Irons-nous coucher dans le foin à l’école italienne ? Nous avons l’ambition de trouver mieux. Nous nous renseignons dans les boutiques. Les renseignements nous renvoient de porte en porte. Nous heurtons, comme au vieux temps, à de grandes portes cochères avec le battant ou marteau, qui, ici, a plus ou moins la forme d’une lyre. Enfin, nous trouvons asile dans la maison particulière d’un commerçant, et nous passons la nuit sur des coussins dans un grand salon au plafond orné de boiseries sculptées.
Dimanche 5 décembre. — Le commerçant ne tient pas à nous hospitaliser dans sa demeure. Il nous loue, dans une autre maison lui appartenant, une soupente avec trois lits pour tout mobilier. L’interprète et le prisonnier logent à l’école italienne.
On voit aujourd’hui beaucoup de femmes dans les rues. Elles vont à la messe. Elles ont un manteau rouge à larges raies noires verticales sur le devant. Un pan d’étoffe rouge sur la tête est drapé à la façon des religieuses ou des Italiennes. Sous le pan en auvent qui recouvre la tête, elles ont un petit bonnet ou un mouchoir relevé sur le devant du front ; des sequins garnissent le bord. Nous avions déjà remarqué à Koplik que les femmes portaient des sequins au corsage et sur la tête. Larges pantalons à la turque, rouges d’ordinaire, laissant voir les chevilles en arrière. Le costume est le même pour les nonnes et les laïques, mais celles-ci sont décolletées. Quelques matrones sont accompagnées de leurs filles, habillées à l’européenne.
Les femmes des environs ont un costume différent. Sur les cheveux coupés à la chien, un bandeau enserre le front et tient le voile ou le mouchoir. La jupe de feutre est à larges godets, comme les dessine Métivet, et ne descend qu’au jarret. La ceinture, haute de quinze centimètres environ, est formée de deux larges bandes de cuir, recouvertes de plaques d’argent.
Les hommes sont pour la plupart habillés à la turque.
Bruit d’un bombardement de grosses pièces vers Saint-Juan-de-Médua et Cattaro.
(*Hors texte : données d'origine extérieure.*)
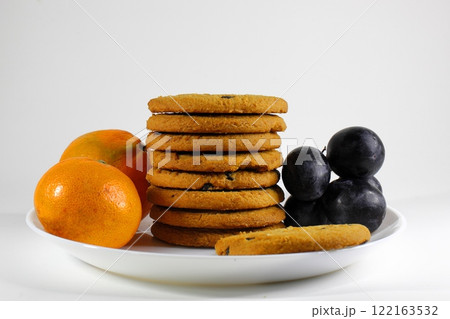 crispy cookies and fruits on a plate on a white background 122163532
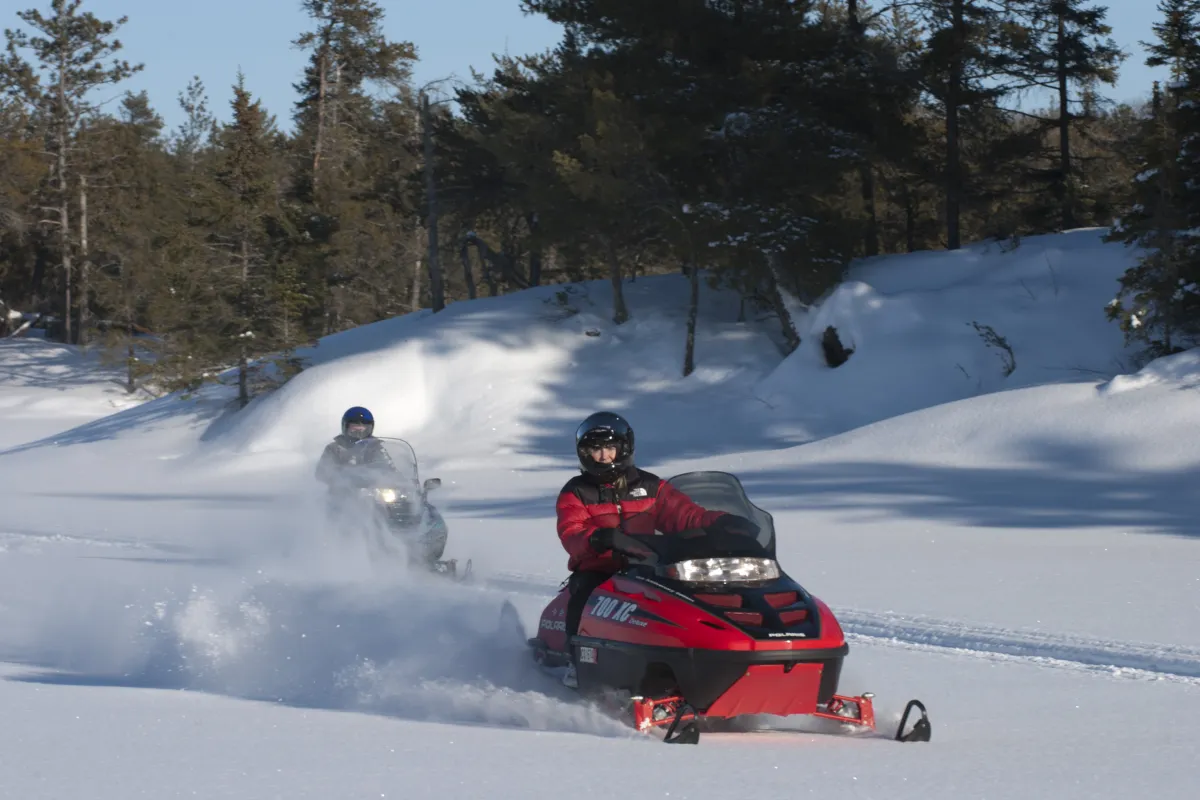 Snowmobiling on trails in Voyageurs National parkP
Nous trouvons à l’hôtel de l’Europe les trois médecins français qui se sont fait attacher à l’état-major serbe. Placés sous l’autorité directe de l’attaché militaire français, ils ont travaillé à faire passer une partie de plus en plus grande des confrères dans les ambulances serbes. Ainsi, ils prenaient peu à peu le commandement de la mission. En ce moment, ils ignorent le sort de nos camarades de l’armée et ils s’en désintéressent complètement. Ils sont à table.